The attack on Instagram by the Chief of the Islamic Propaganda Organization in an open session of the parliament on Sunday has worried millions of Iranian Instagram users about possible plans to block the popular social media platform.
Addressing the parliament on Sunday, Mohammad Qomi said between 60 to 70 percent of the country's bandwidth is taken up by Instagram where he alleged 30 percent of all cyber-crime, 25 percent of crimes of "immorality", gambling and "non-standard propaganda" takes place. "There is no control on the cyberspace," he charged.
Instagram became the most popular social network in Iran after access to Telegram was blocked by a judicial order on 30 April 2018. Facebook was blocked several tears ago. Many Iranians now use Instagram -- the only social networking platform that is accessible without using a VPN or proxy -- for personal entertainment, networking or business on a daily basis.
Along with the recent arrests of Instagram influencers, Qomi's remarks in the parliament have widely been interpreted as a sign that the authorities have an urgent plan to block access to Instagram and worried many Iranians who use it for business.
A Twitter user in a post on Wednesday said he knows a person in the rural areas of Sistan and Baluchestan Province who with a group of others takes traditional needlework orders on Instagram. "Everyday she comes to me and worriedly asks if Instagram is going to be blocked," she wrote.
On June 14 the Law Enforcement Commander of Qom said the police have identified 885,000 websites and accounts with "criminal content over 70 percent of which were on Instagram".
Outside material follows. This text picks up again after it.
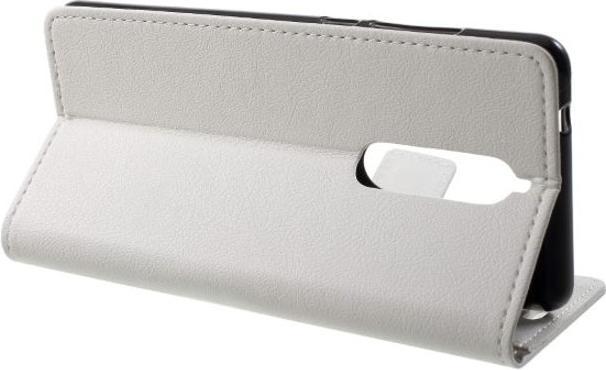 Actual product image MU Classic Classic III Leather Bookcover Series (Nokia 5.1)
In most instances, when Islamic Republic officials refer to crime on cyberspace they are pointing to either social content violating Islamic restrictions or to comments critical of the regime.
Social media use is extremely high in Iran, with at least 60 percent of the population regularly using messaging services, which are particularly potent during protests and civil unrest. Iran has experienced repeated widespread anti-regime protests in the last three years.
Two days later the Deputy General and Revolutionary Prosecutor of Khorasan Razavi Province, Vali Qanbri-Rad said a case had been opened to identify Instagram influencers who "published obscene and immodest pictures showing them without the compulsory headscarf (hijab).
Qanbari-Rad said some of these influencers have been detained and others were released on bail. Those who said they regretted what they had done were ordered to participate "in cultural classes", he said.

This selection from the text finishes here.